On the bright side, triple /s/ alliteration returns in "soft small self" to echo "still / something singing." The dog is "alive" and a potent reminder of joy, even though the speaker has to save her from herself in the following lines 24-28:
until I yank the leash back to save her because
I want her to survive forever. Don't die, I say,
and we decide to walk for a bit longer, starlings
high and fevered above us, winter coming to lay
her cold corpse down upon this little plot of earth.
These lines include the second repetition of "Don't die," a marker that connects back to the first. The speaker urges the dog, just like the reader, to resist self-destruction (whether from despair or reckless desire). These lines also grapple with temporality: the speaker says she wants the dog to live "forever," which is emotionally resonant even though physically impossible. It's a kind of too-bold claim akin to "I'll take it all" in Limón's "Instructions for Not Giving Up," but it effectively injects hope into the poem.
However, the following lines' word choice balances out the optimism of "forever." The "bit" in "a bit longer" is humble and limiting: it refers to the dog walk ending but can also be extrapolated to the speaker's time left with the dog on earth, which she knows (but doesn't want to acknowledge) could end at any time. The starlings' fevered motion echoes the speaker's urgent desire to hold on to life despite the approach of winter, i.e., death (see Quotes for a close reading of this image). This is the first time the poem explicitly mentions a "corpse," and it is metaphorical, but it resonates darkly with all of the real corpses of gun victims and fish that are alluded to earlier in the poem. Tragedy has not been removed completely from the poem or the world; the speaker is simply choosing to live despite it.
The word choice "little plot of earth" is also humbling, and perhaps echoes the threatening sky in line 4 yet again: if the sky full of bullets and bombs is monstrous, then the earth itself is "little" by comparison. Still, the setting is a dog walk so "this little plot of earth" is presumably the speaker's home or town, a fact that also brings comfort.
In its first twenty-eight lines, the poem has progressed dizzyingly through harrowing images of violence and the suicidal urge of despair, to the quotidian image of a dog walk and the dog's suicidal urge to love everything. Limón closes the poem in lines 29-33 by reflecting further on this self-destructive impulse, and a final image of how we might resist its call:
Perhaps we are always hurtling our bodies toward
the thing that will obliterate us, begging for love
from the speeding passage of time, and so maybe,
like the dog obedient at my heels, we can walk together
peacefully, at least until the next truck comes.
The first-person plural comes back for the first time since "the unsayable in each of us" [line 5]. This "we" might include the speaker and her dog, and also invites the Reader back into the poem.
The speaker identifies love as the thing we, like the dog, desire. Unlike the dog, we are aware of so much tragedy in the world, and we are aware of how temporary we are in "the speeding passage of time," all of which makes us crave love even more. This passage of time echoes "winter coming" and undercuts "I want her to survive forever" yet again.
But the speaker and her dog are enjoying a moment of harmony in line 32, walking together without succumbing to any self-destructive impulses.
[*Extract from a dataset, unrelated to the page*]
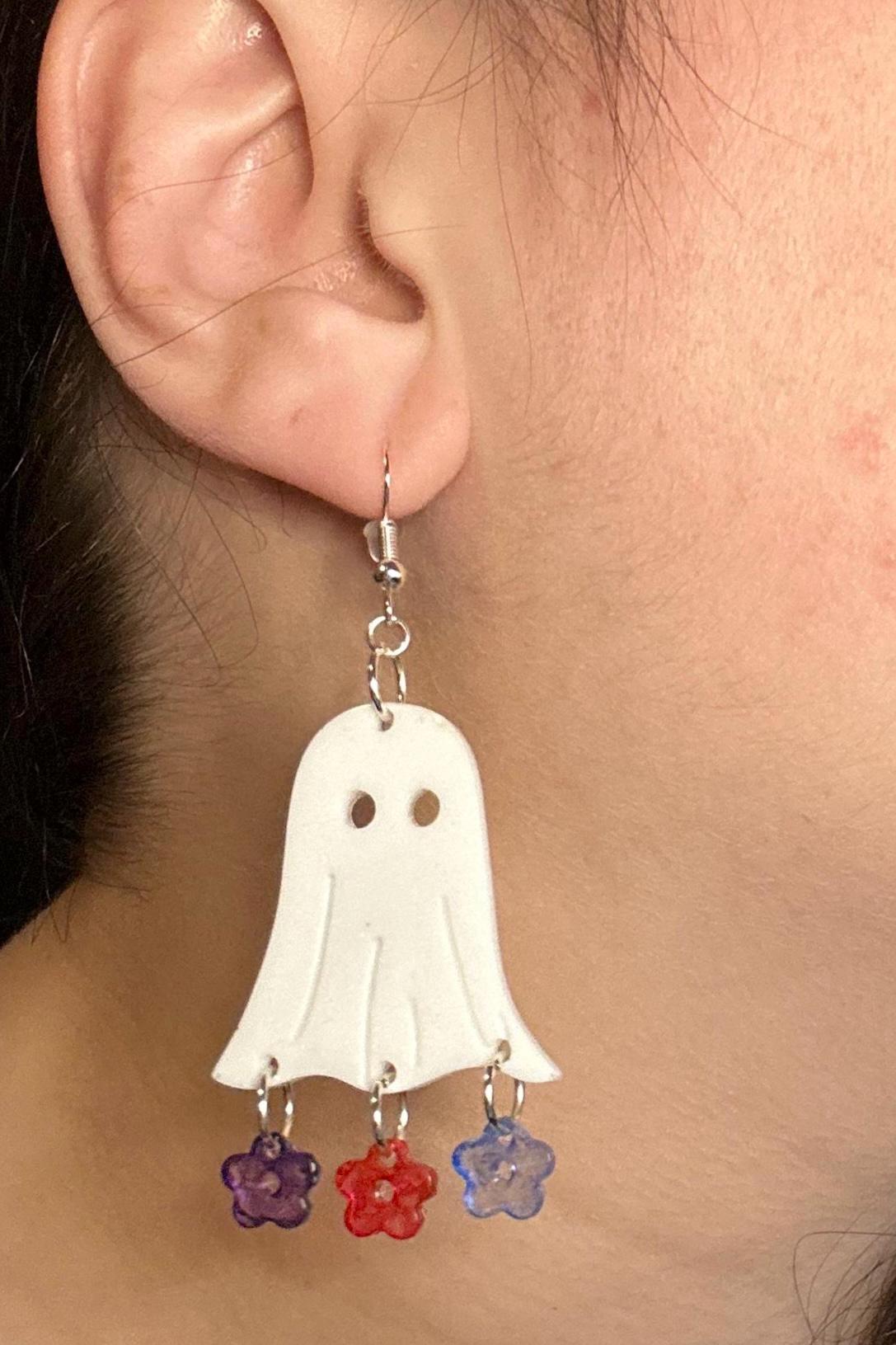 Floral Ghost Dangle Earrings: Steel & Resin Charms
So, the speaker invites the readers (through the implication of "we") to join in that peace, even though the very last line reminds us to be prepared for the next "truck," the next hardship, tragedy, or bad news.
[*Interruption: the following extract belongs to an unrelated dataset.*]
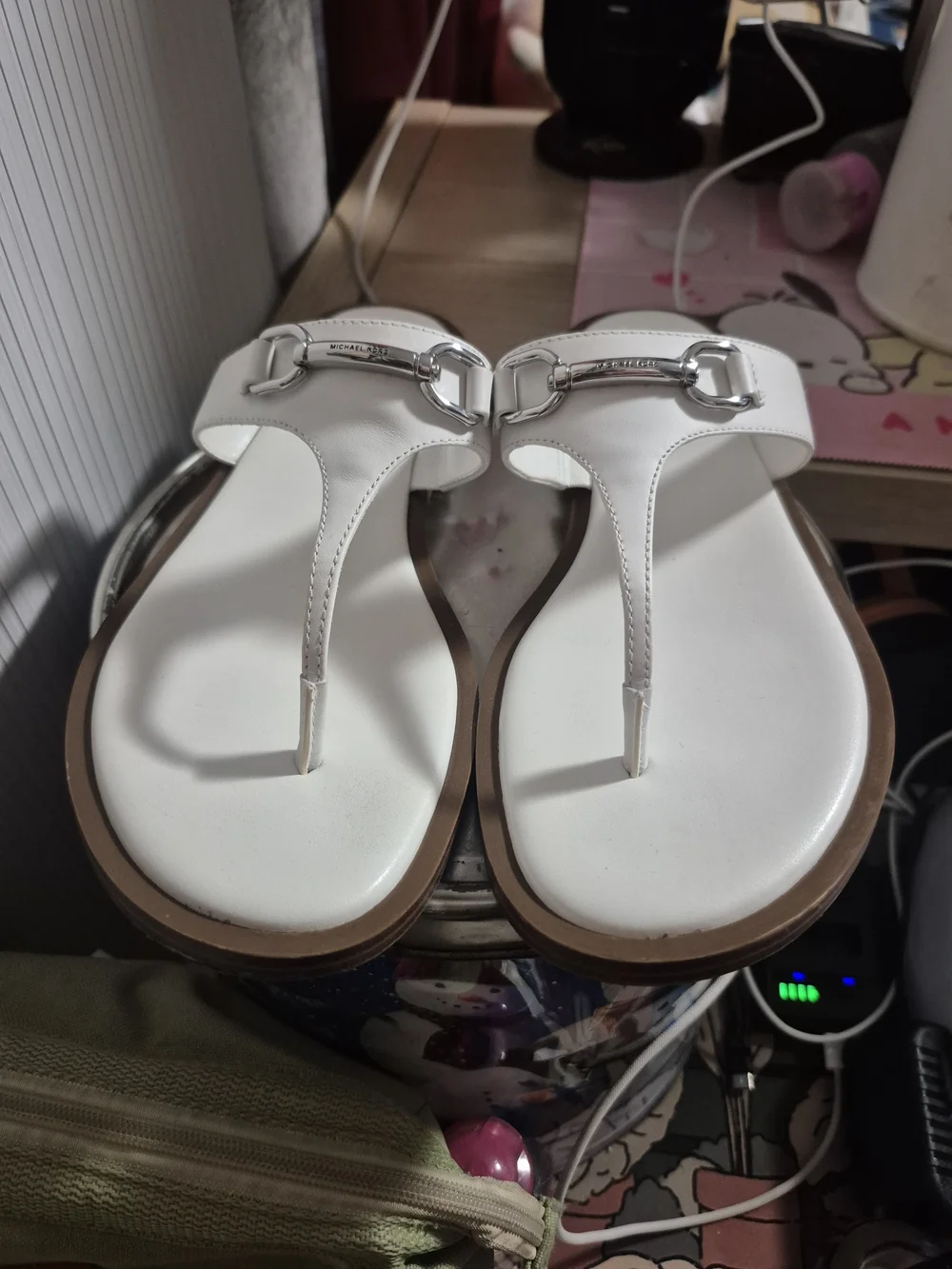 Michael Kors White Thong Sandals with Silver Hardware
A secondary possible interpretation of the final line is that "truck," when read alongside the mass shootings in lines 2-3, also calls to mind the rising trend of mass killings done by ramming vehicles into crowds. Whether that was intentional or not, the truck remains an image of threat to the dog's life at the very least, and so the poem ends with horror and survival coexisting hand-in-hand.